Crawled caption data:

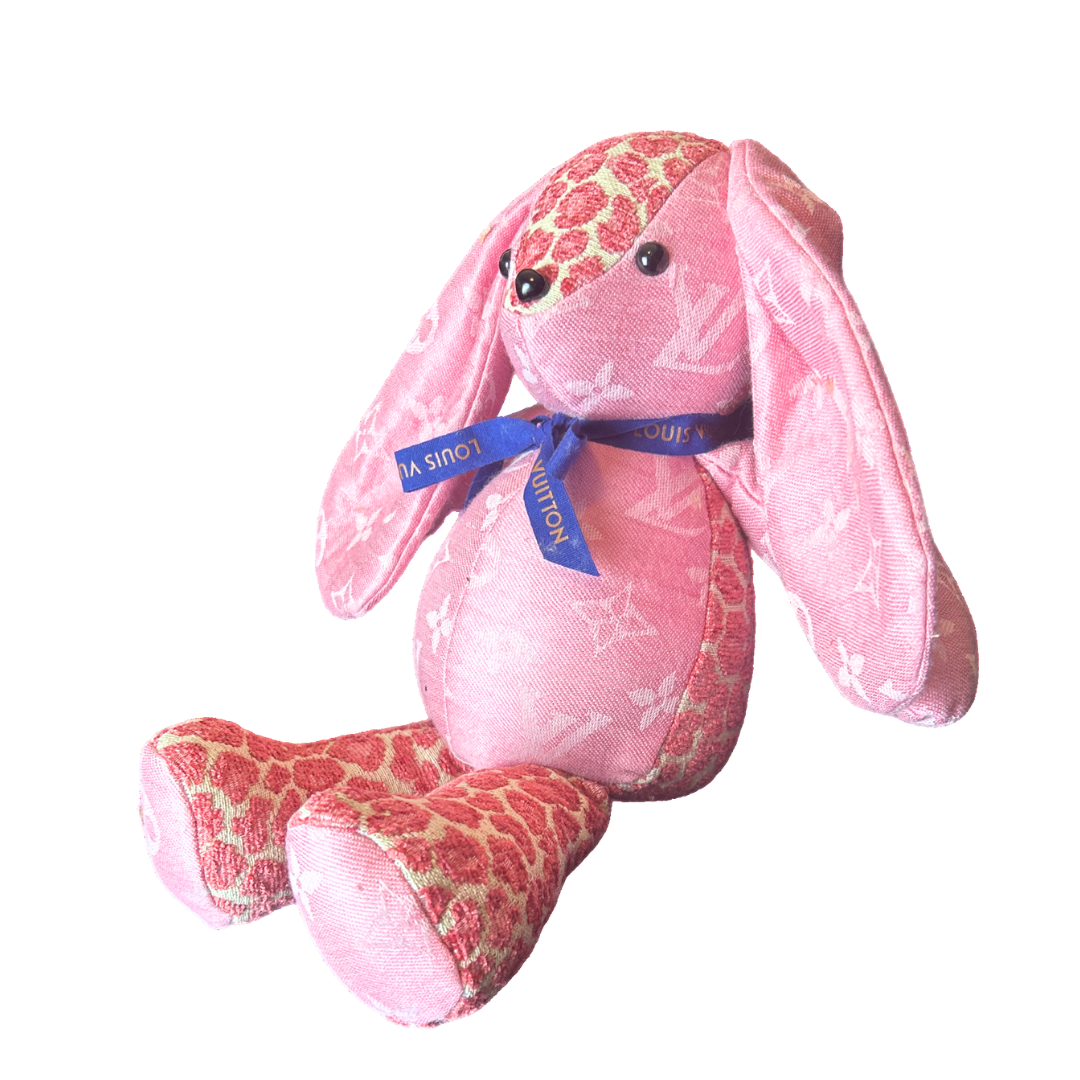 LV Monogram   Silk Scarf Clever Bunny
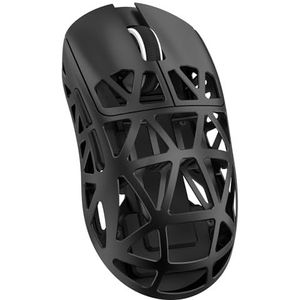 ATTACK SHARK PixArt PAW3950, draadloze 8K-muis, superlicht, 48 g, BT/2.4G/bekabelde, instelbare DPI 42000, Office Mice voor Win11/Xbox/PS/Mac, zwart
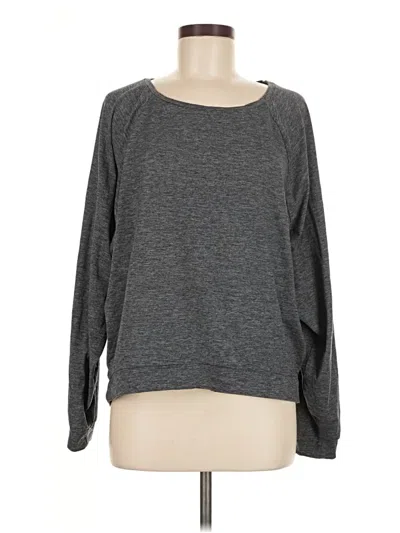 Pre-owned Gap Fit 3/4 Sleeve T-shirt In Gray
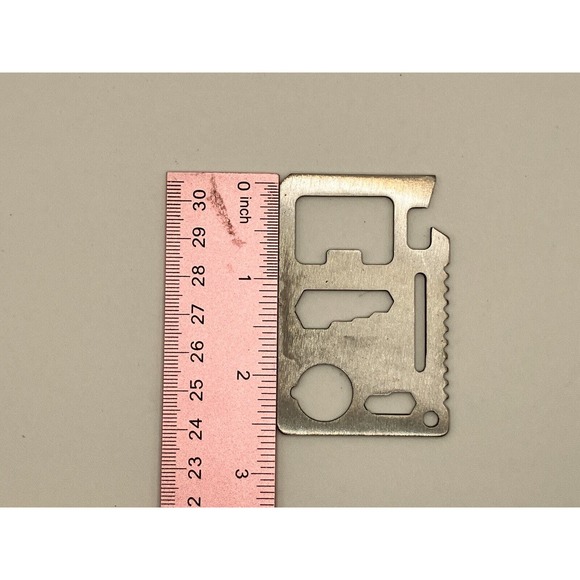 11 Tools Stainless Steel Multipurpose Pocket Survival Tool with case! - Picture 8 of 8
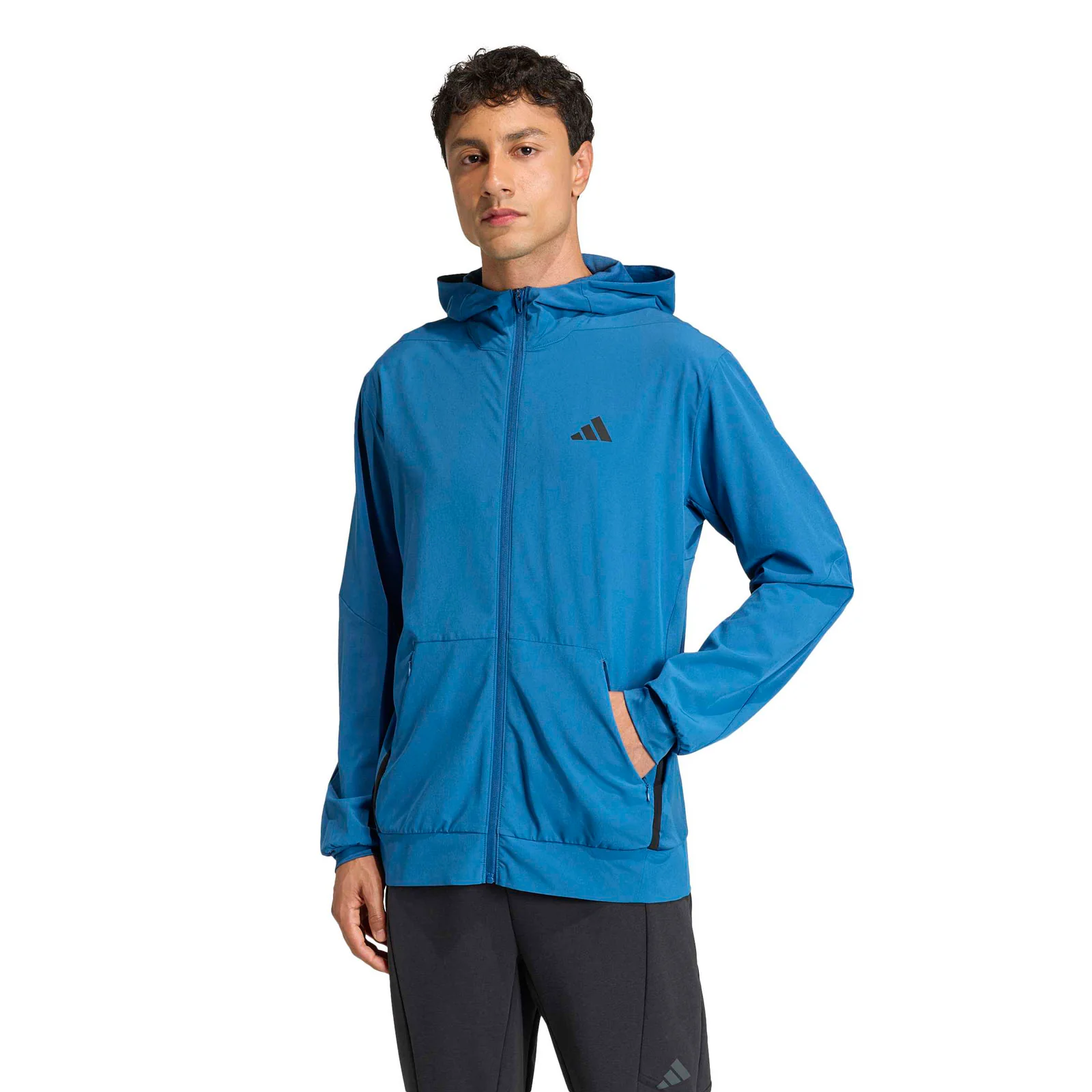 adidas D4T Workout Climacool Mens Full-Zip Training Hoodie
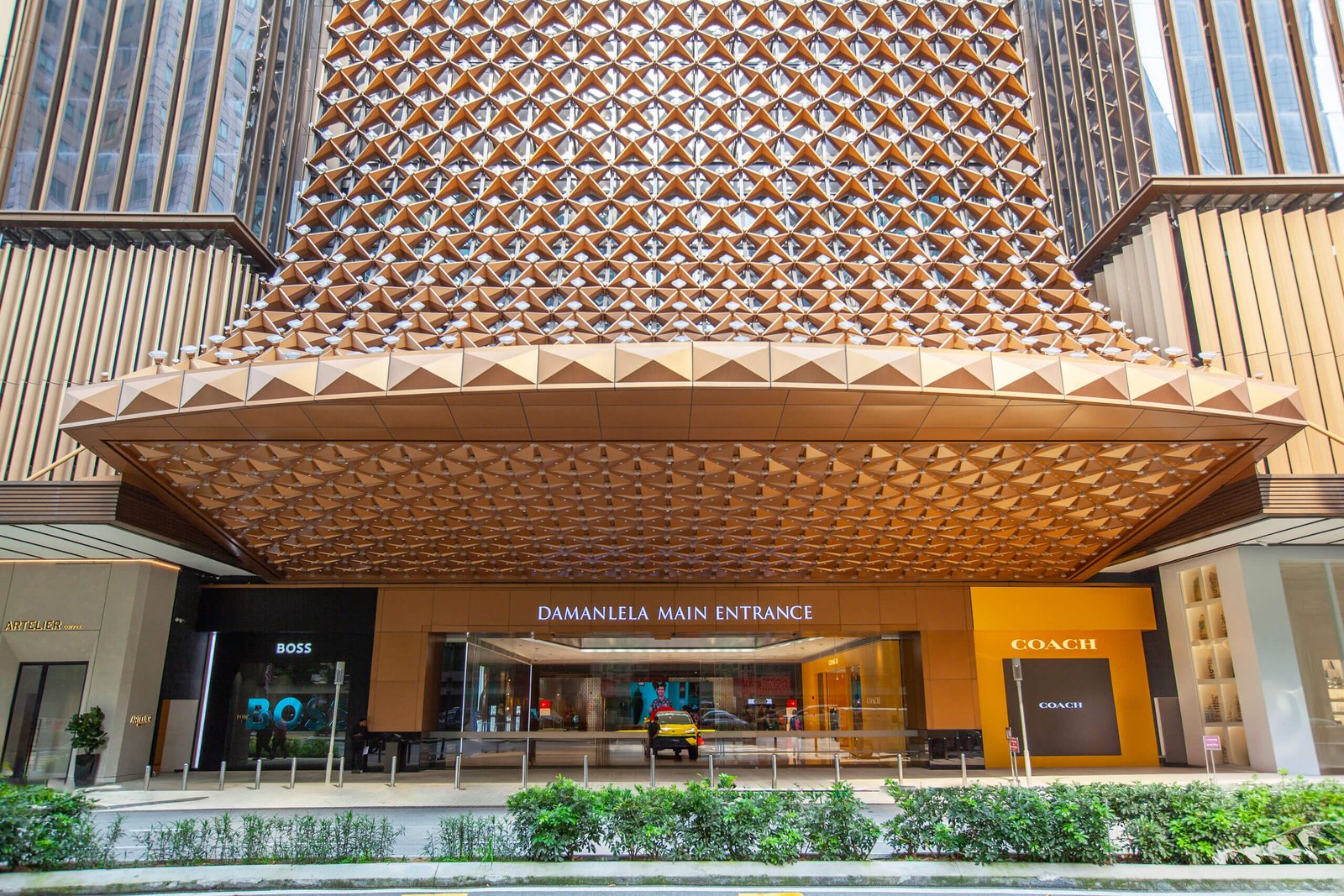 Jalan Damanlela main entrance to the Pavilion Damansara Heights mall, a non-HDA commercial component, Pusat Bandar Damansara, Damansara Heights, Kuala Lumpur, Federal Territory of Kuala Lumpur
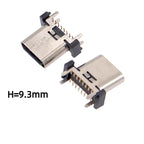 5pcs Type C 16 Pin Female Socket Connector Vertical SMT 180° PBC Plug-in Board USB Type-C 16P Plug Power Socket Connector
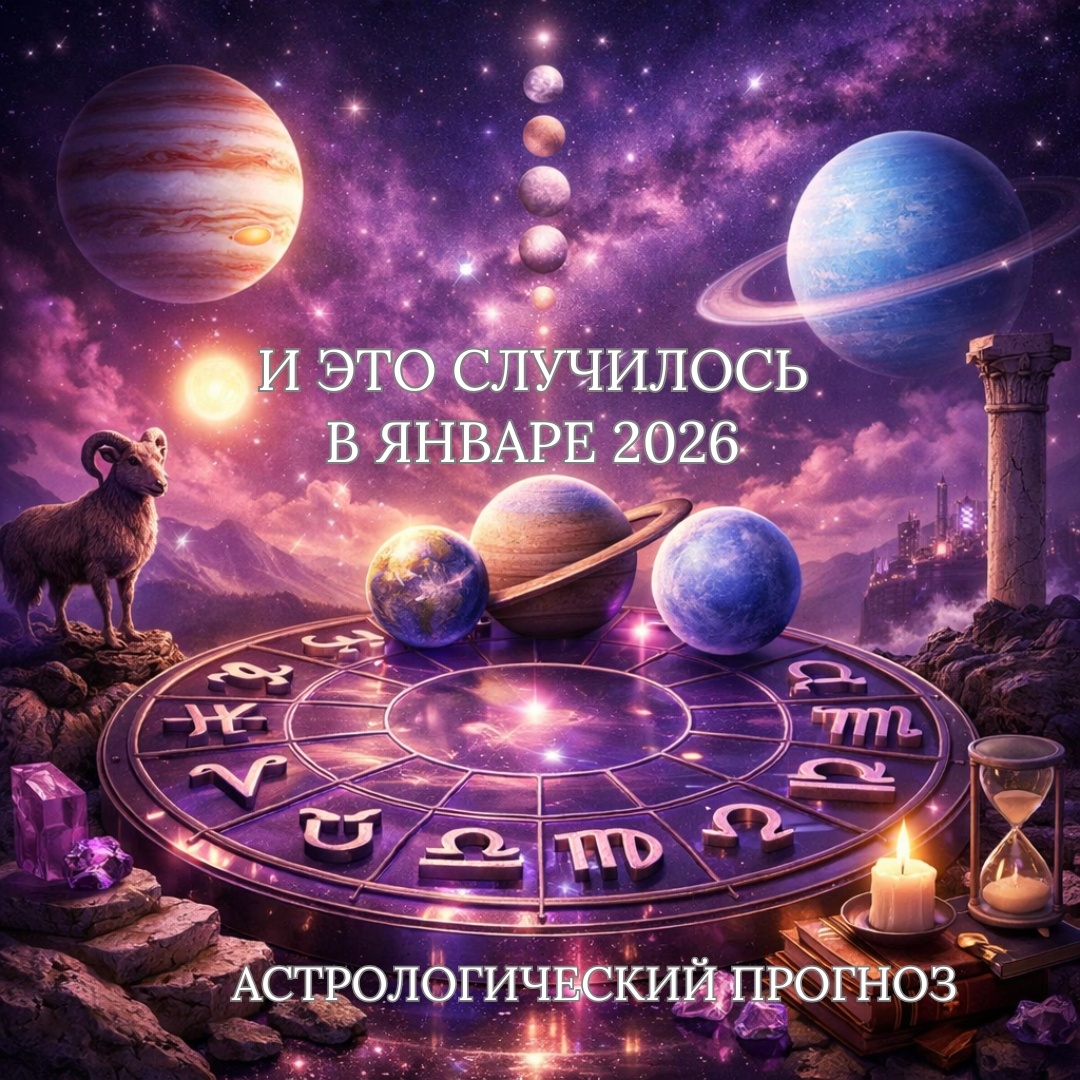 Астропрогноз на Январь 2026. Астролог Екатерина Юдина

TASK REQUIREMENTS: Although the records contain pictures, your copy should hold only the text, reproduced exactly.

OUTPUT:
 LV Monogram   Silk Scarf Clever Bunny
 ATTACK SHARK PixArt PAW3950, draadloze 8K-muis, superlicht, 48 g, BT/2.4G/bekabelde, instelbare DPI 42000, Office Mice voor Win11/Xbox/PS/Mac, zwart
 Pre-owned Gap Fit 3/4 Sleeve T-shirt In Gray
 11 Tools Stainless Steel Multipurpose Pocket Survival Tool with case! - Picture 8 of 8
 adidas D4T Workout Climacool Mens Full-Zip Training Hoodie
 Jalan Damanlela main entrance to the Pavilion Damansara Heights mall, a non-HDA commercial component, Pusat Bandar Damansara, Damansara Heights, Kuala Lumpur, Federal Territory of Kuala Lumpur
 5pcs Type C 16 Pin Female Socket Connector Vertical SMT 180° PBC Plug-in Board USB Type-C 16P Plug Power Socket Connector
 Астропрогноз на Январь 2026. Астролог Екатерина Юдина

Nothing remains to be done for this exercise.